▶

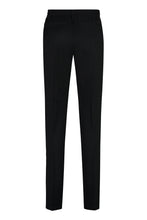 Load image into Gallery viewer, Stretch viscose trousers
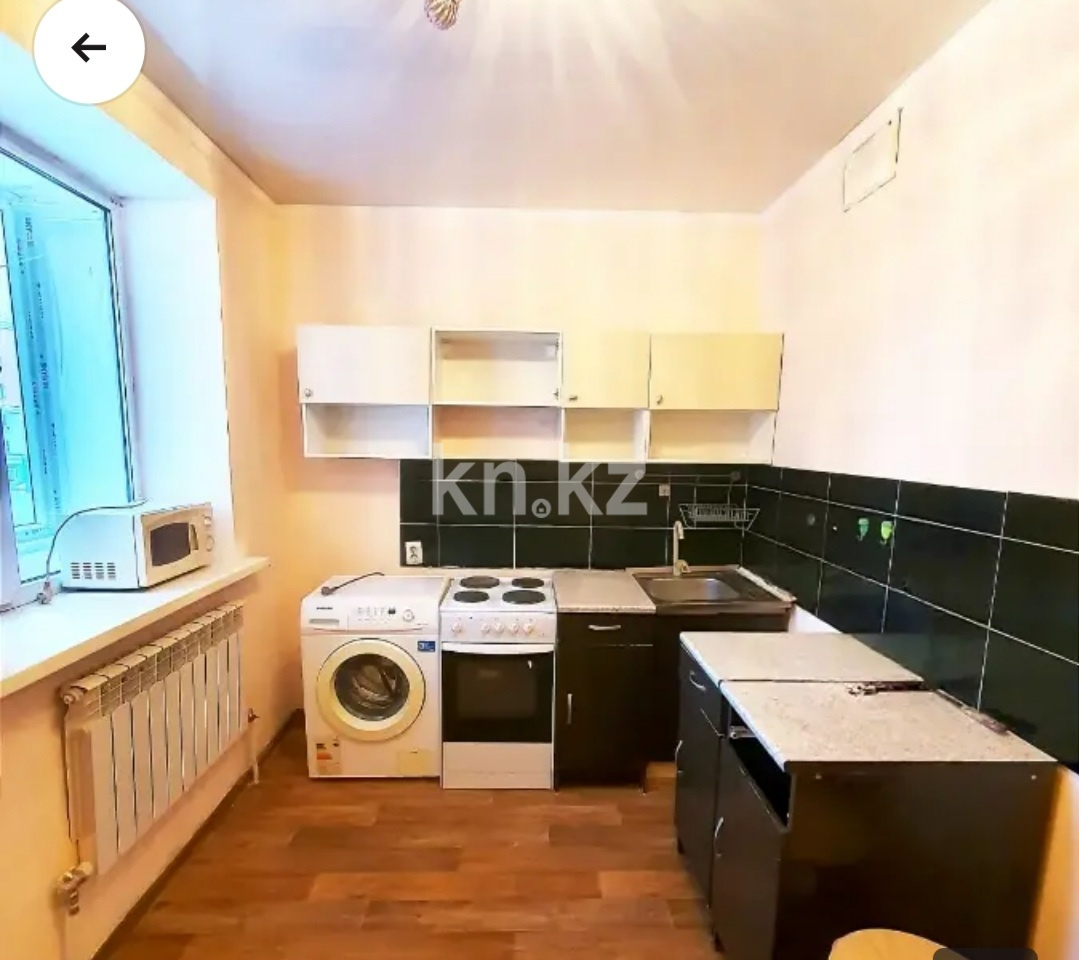 Продажа 1-комнатной квартиры, 35 м² в Астане - фото 5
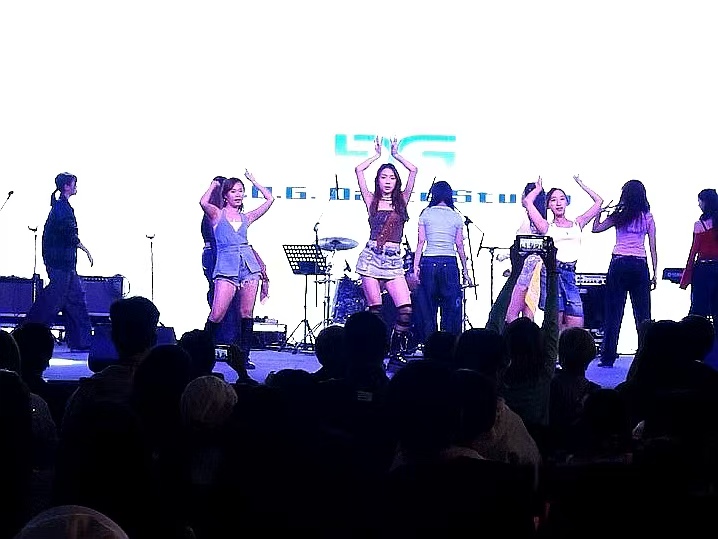 第二十五届澳门美食节盛大启幕 多元美食与文化盛宴引领全城热潮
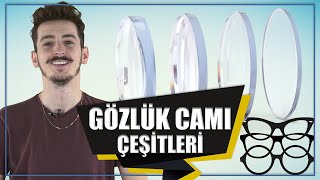 Gözlük Camı Çeşitleri screenshot 4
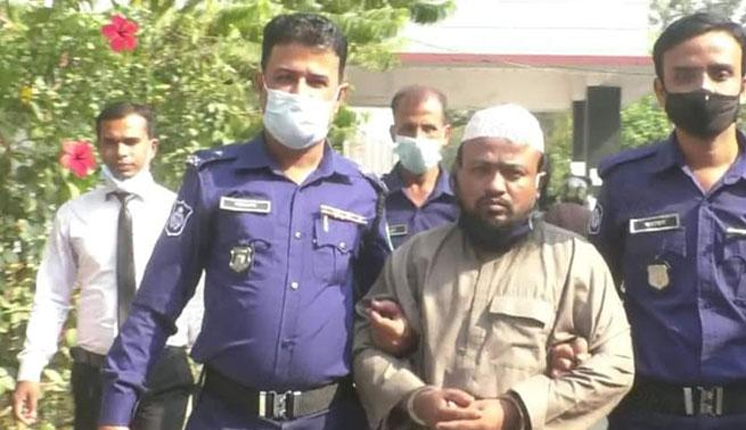 ছাত্রীকে ধর্ষণের দায়ে মাদরাসা সুপারের যাবজ্জীবন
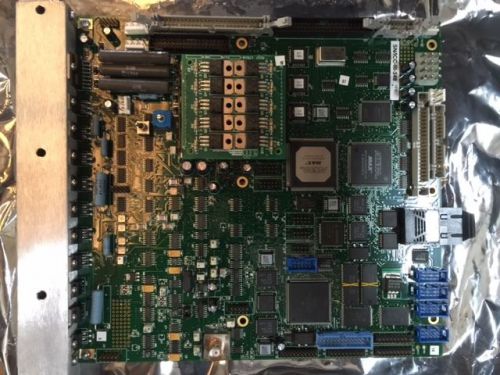 Autologic 3850 mainboard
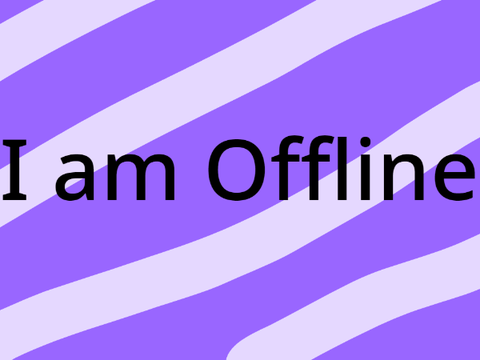 Offline
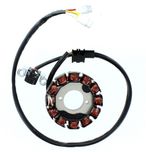 Stator Uzwojenie Alternator iskrownik Yamaha Wr 450 F 04-11 Rok Nowy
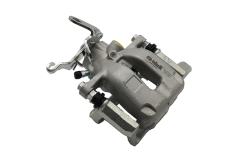 Pinça de travão Direito 1K0615424M 66151018501 VW Audi Seat Skoda Vika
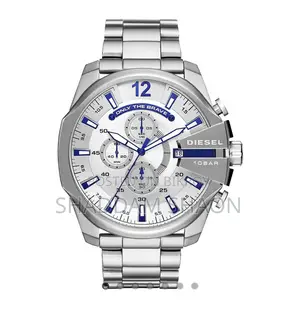 Diesel Watch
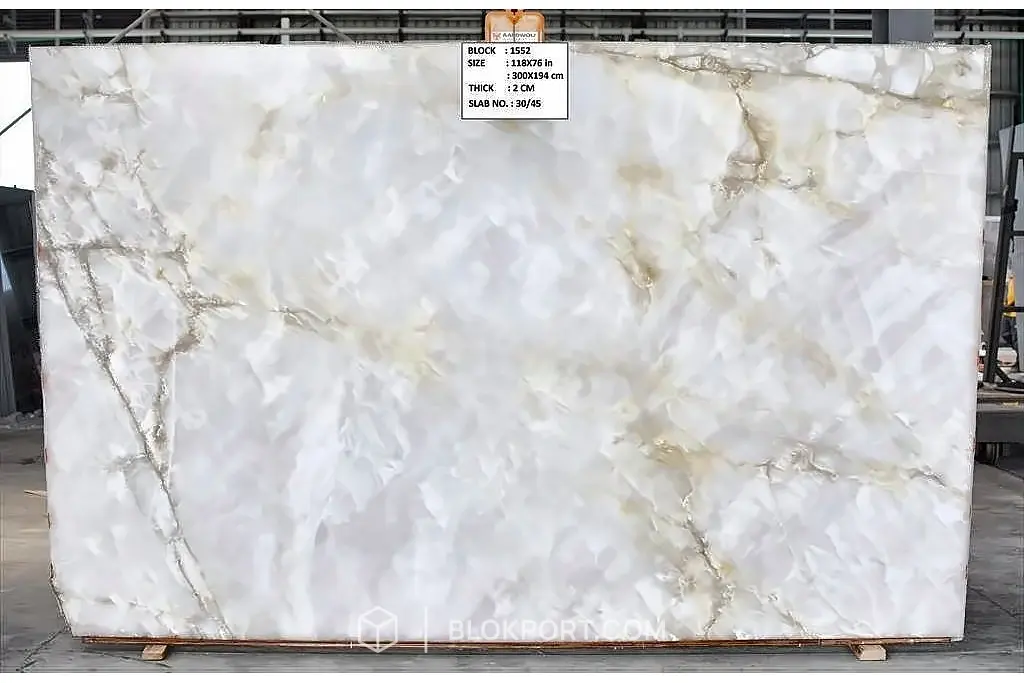 Crystallo Polished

◀

- [Activity]
The answer should consist solely of the lines from the one containing "Продажа 1-комнатной квартиры, 35" through the last line of the material, copied exactly, with pictures left out.

- [Solution to this exercise]
 Продажа 1-комнатной квартиры, 35 м² в Астане - фото 5
 第二十五届澳门美食节盛大启幕 多元美食与文化盛宴引领全城热潮
 Gözlük Camı Çeşitleri screenshot 4
 ছাত্রীকে ধর্ষণের দায়ে মাদরাসা সুপারের যাবজ্জীবন
 Autologic 3850 mainboard
 Offline
 Stator Uzwojenie Alternator iskrownik Yamaha Wr 450 F 04-11 Rok Nowy
 Pinça de travão Direito 1K0615424M 66151018501 VW Audi Seat Skoda Vika
 Diesel Watch
 Crystallo Polished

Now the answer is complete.